* _Dataset extract_
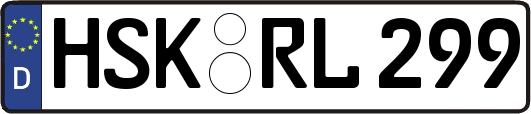 HSK-RL299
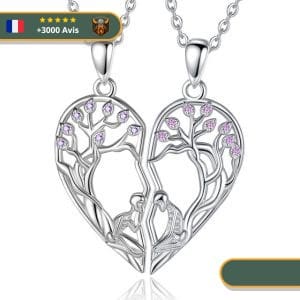 Collier Viking <br>Arbre De Vie</br> Viking Shop
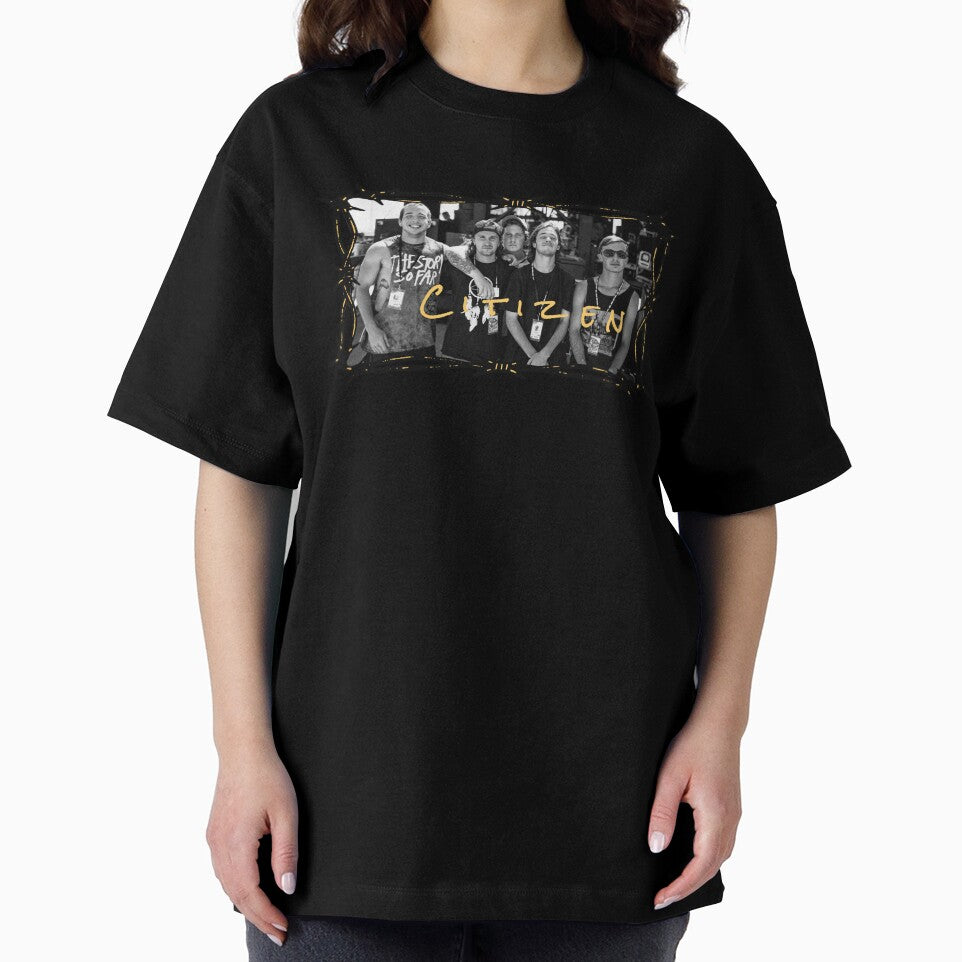 Grunge Style - Citizen by KirinStudio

* _Activity_
Keep the pictures out, and write out the rest of the data above word for word.

* _Answer section_
 HSK-RL299
 Collier Viking <br>Arbre De Vie</br> Viking Shop
 Grunge Style - Citizen by KirinStudio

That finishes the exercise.